● **Activity**: Exactly the lines from the line that has "Tesla 2020 Model" through the final line below are to be retyped, and the pictures are not.

(Short descriptive text snippets)
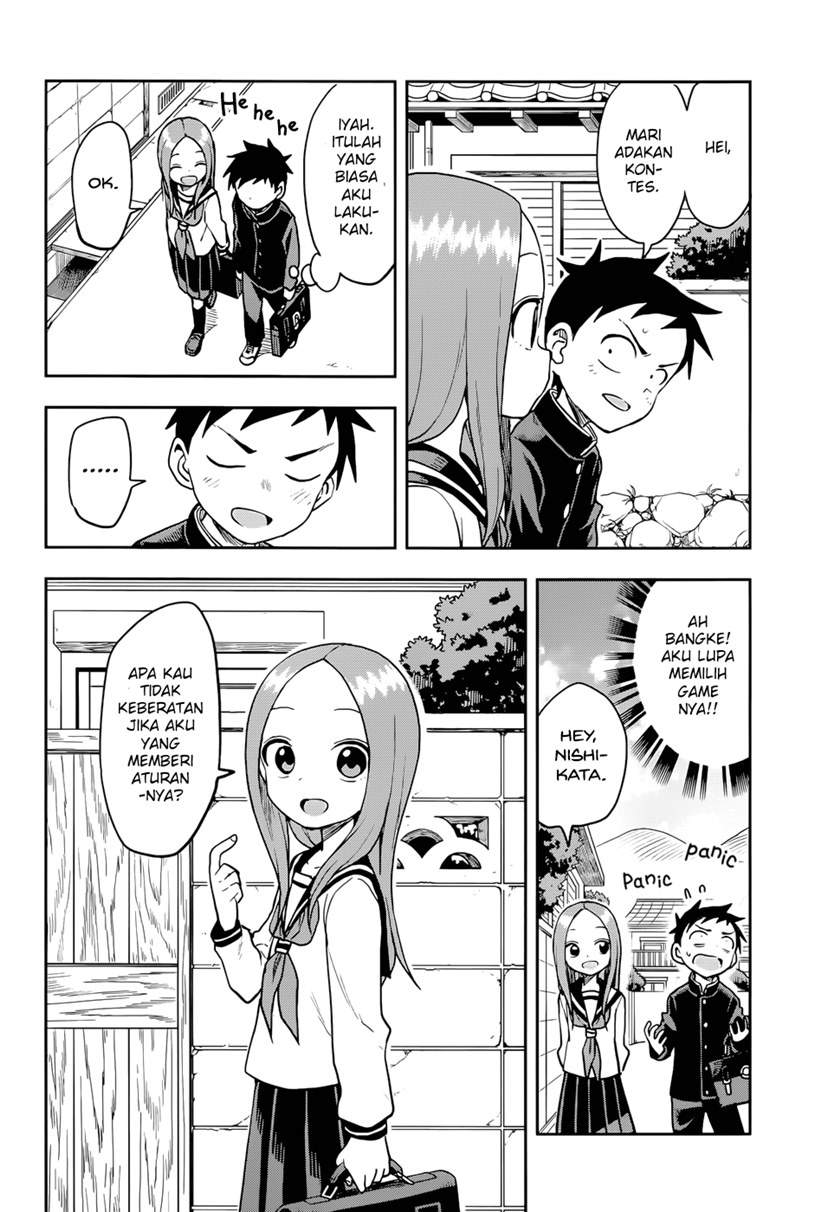 Karakai Jouzu no Takagi-san Chapter 138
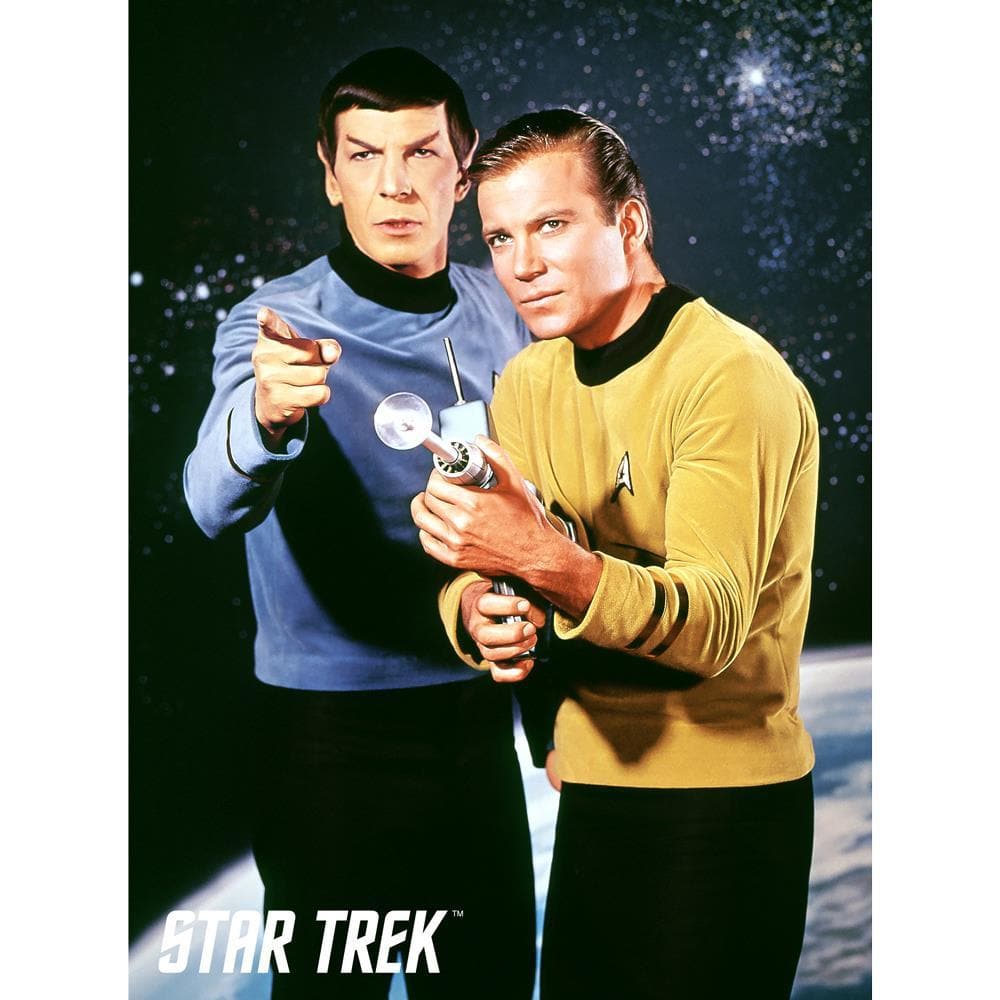 Star Trek Spock and Kirk 500 pc Puzzle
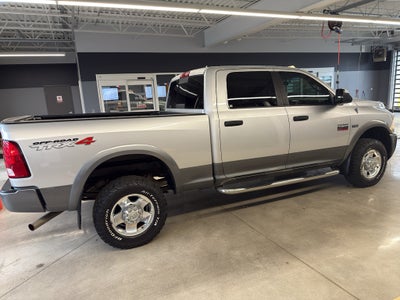 2010 Dodge Ram Pickup TRX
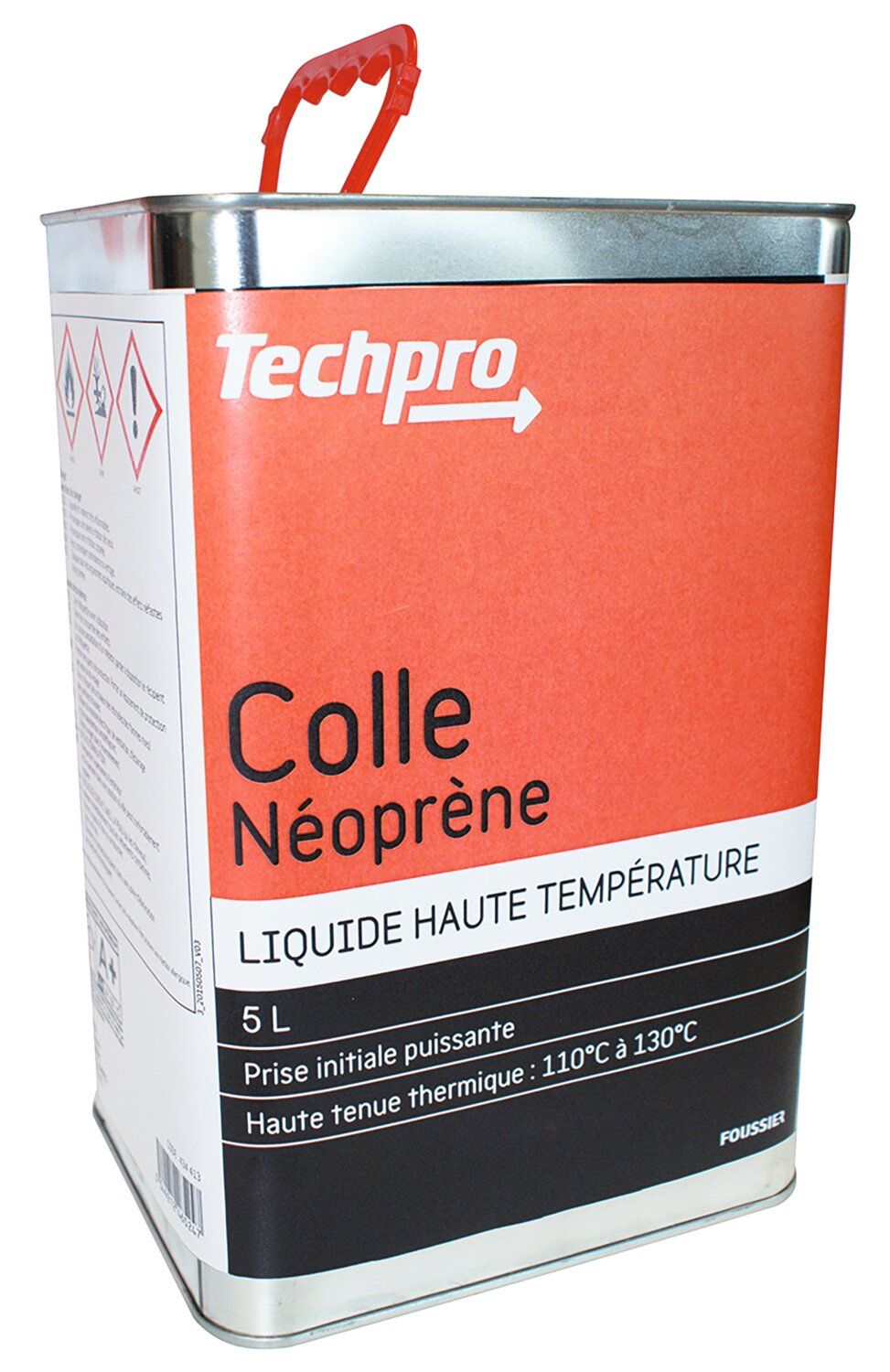 COLA NEOPRENO ALTA TEMPERATURA 5L TECHPR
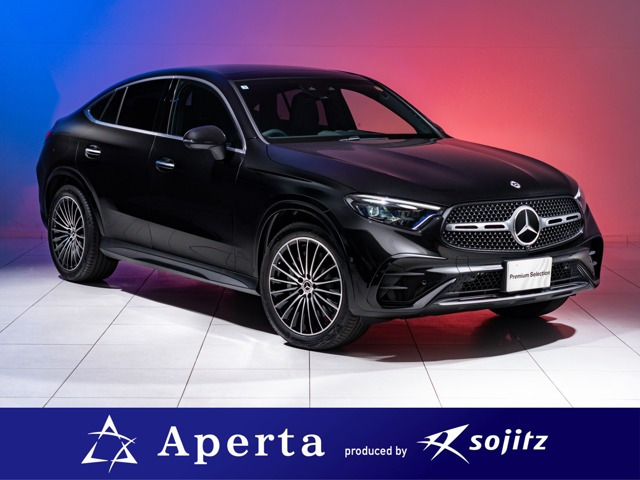 GLCクーペ220d 4マチック コア (ISG) AMGラインパッケージ  4WD即 納OK 現行モデル 走行300km AMGライ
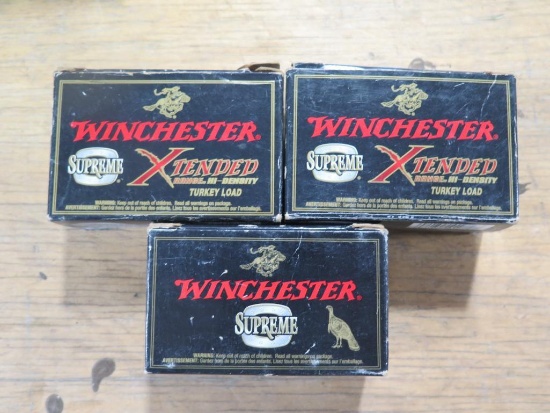 17rds 12ga 3" & 10rds 12ga 2 3/4" Turkey Loads~7039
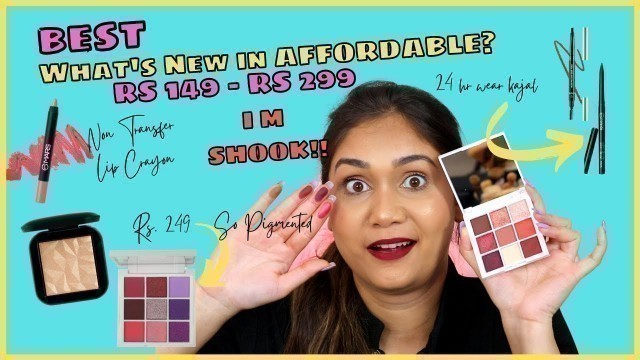 'What\'s New in Affordable? Huge MARS Cosmetics Haul | Rs. 149 - Rs. 299 / Nidhi Katiyar'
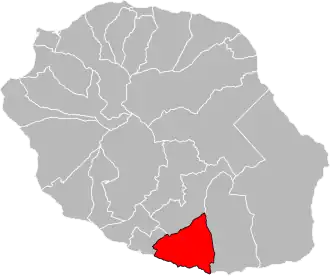 Locatie van het kanton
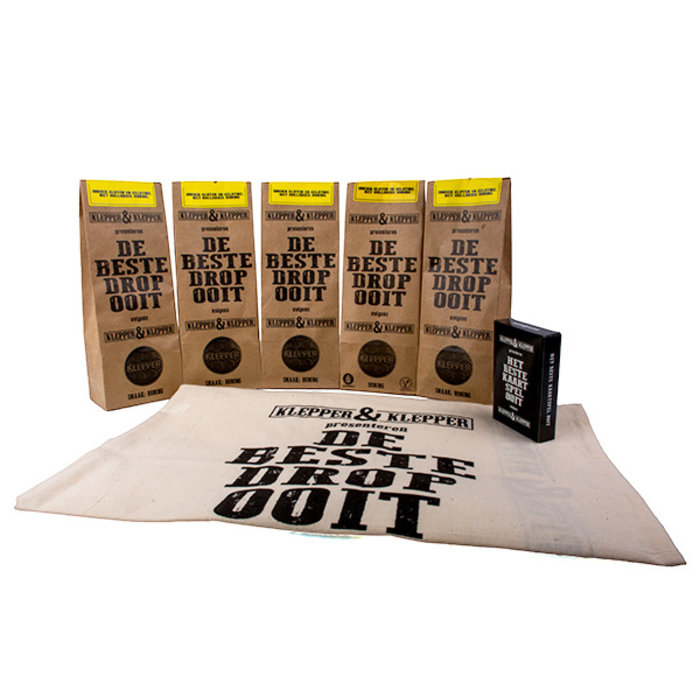 Klepper en Klepper Cadeaupakket Klepper Honing van Dropgigant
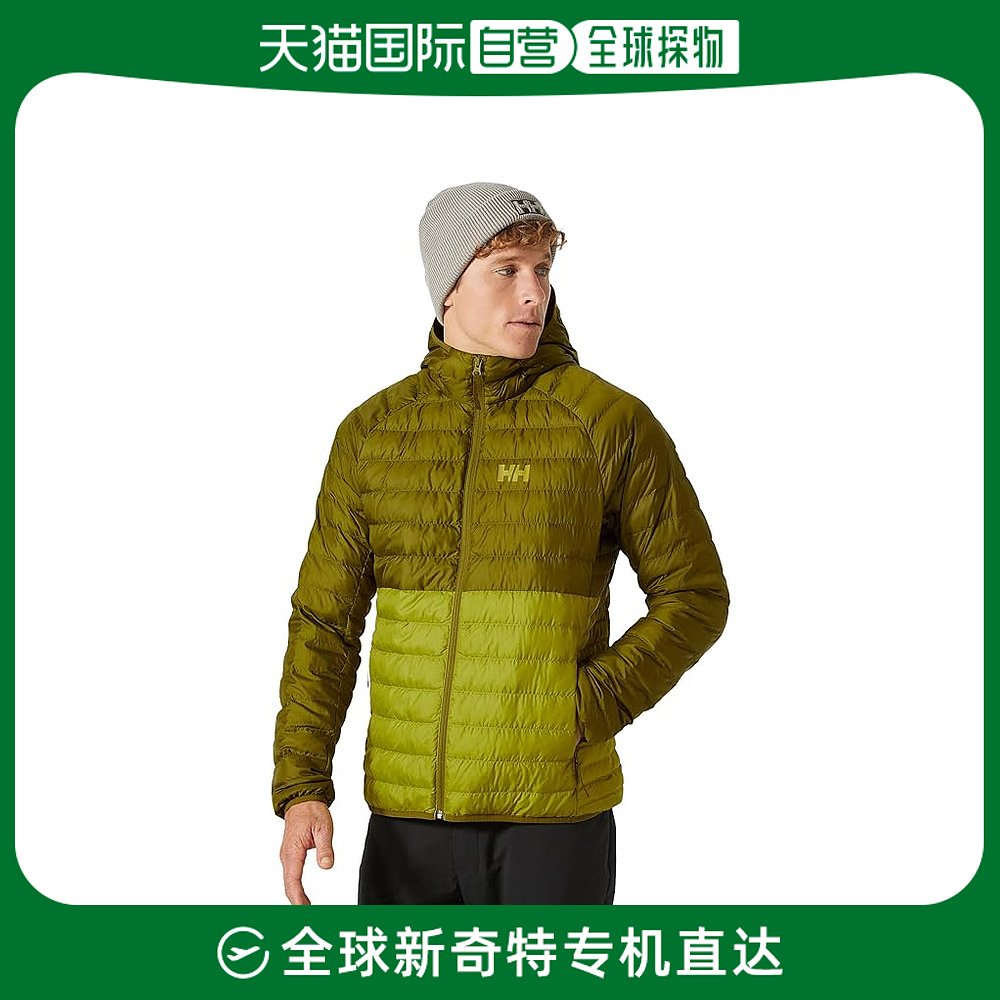 香港直邮潮奢 Helly Hansen 男士Banff Insulator 连帽羽绒服 男装 夹克 原图主图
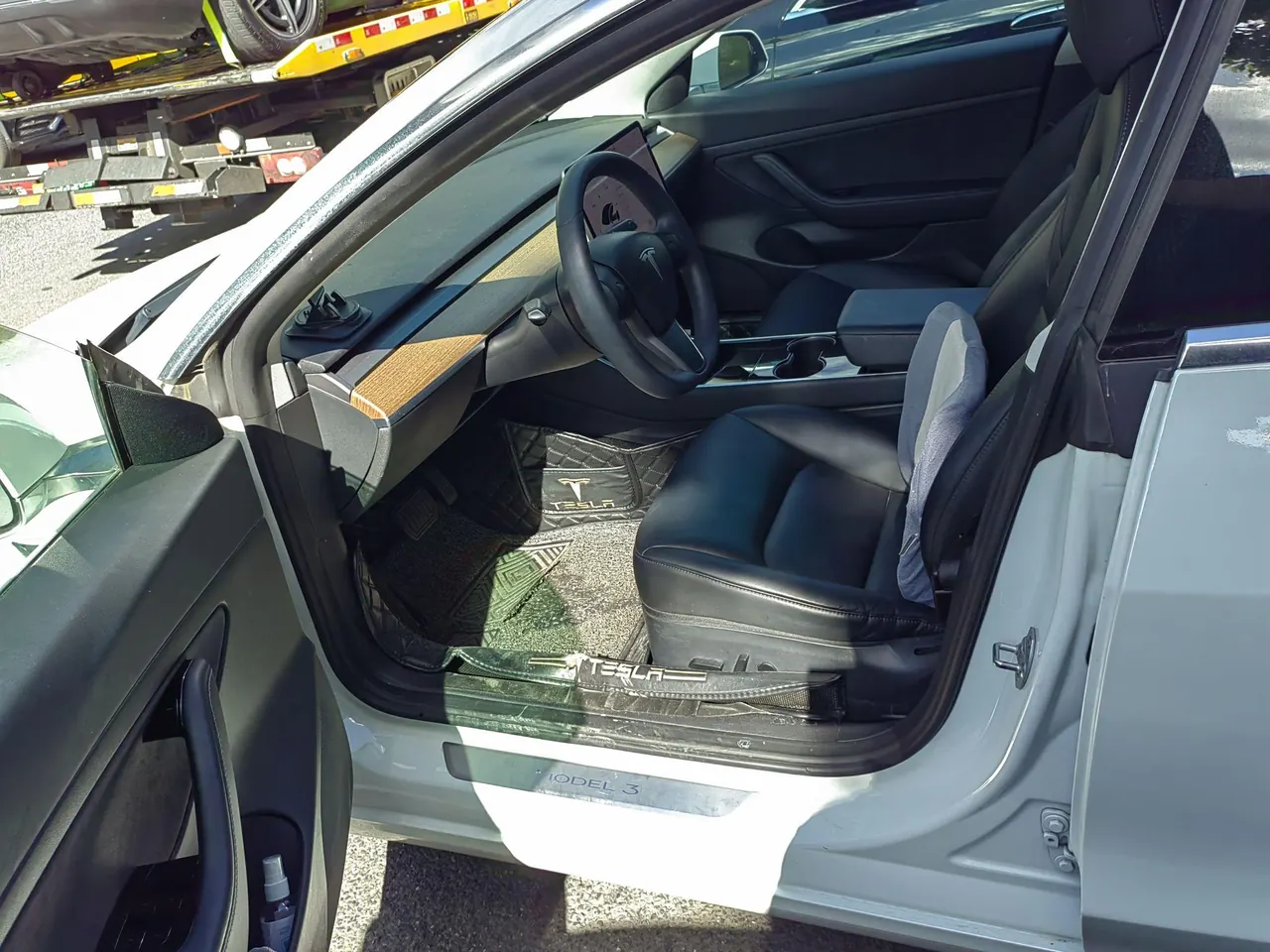 Tesla 2020 Model 3 Standard Endurance Rear Drive Upgraded Automatic Gear 9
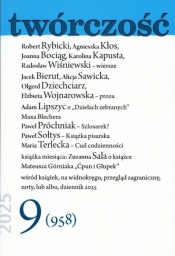 Twórczość 9/2025 - Opracowanie zbiorowe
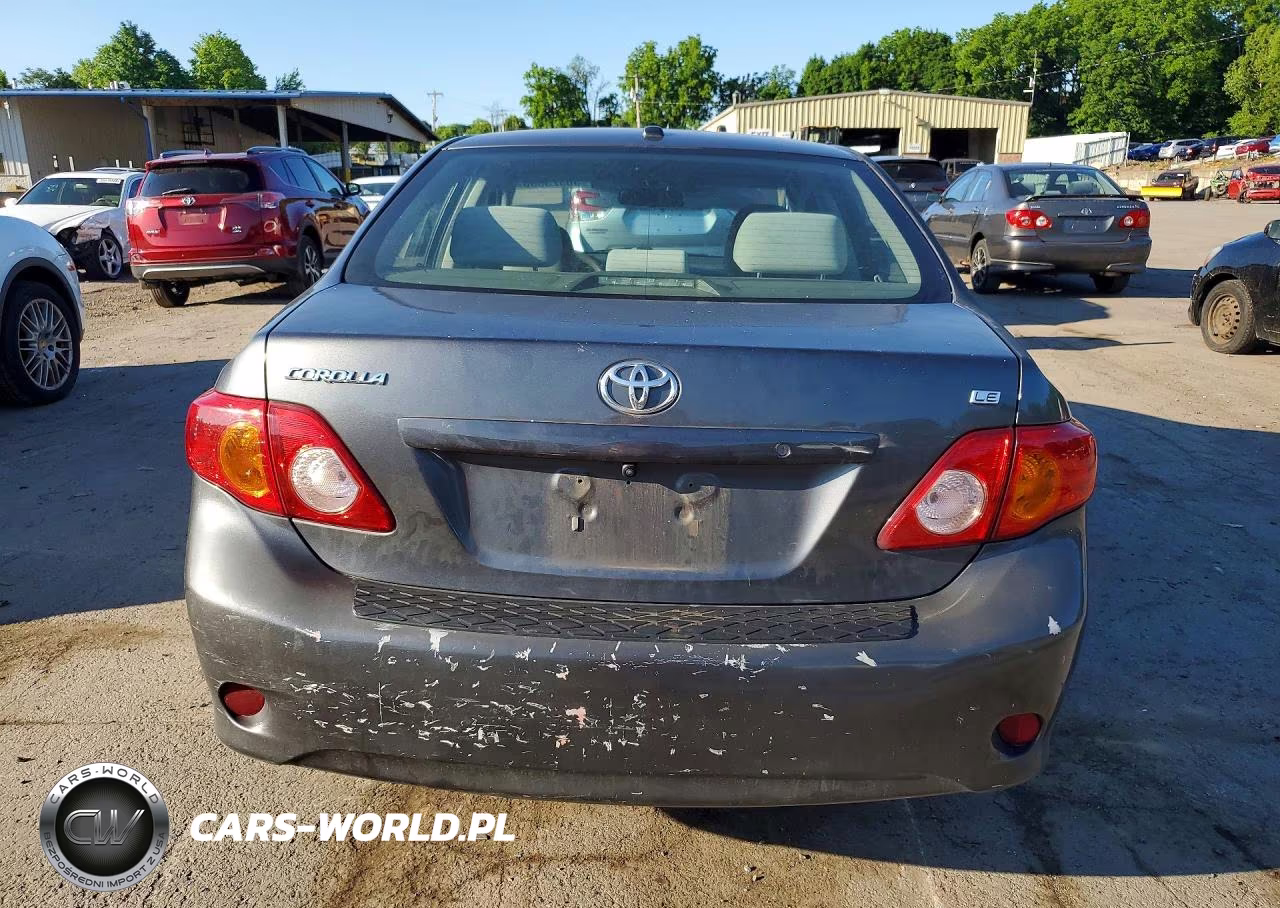 2010 Toyota Corolla Le VIN:2T1BU4EE4AC300009 - 6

● **Output for this task**:
 Tesla 2020 Model 3 Standard Endurance Rear Drive Upgraded Automatic Gear 9
 Twórczość 9/2025 - Opracowanie zbiorowe
 2010 Toyota Corolla Le VIN:2T1BU4EE4AC300009 - 6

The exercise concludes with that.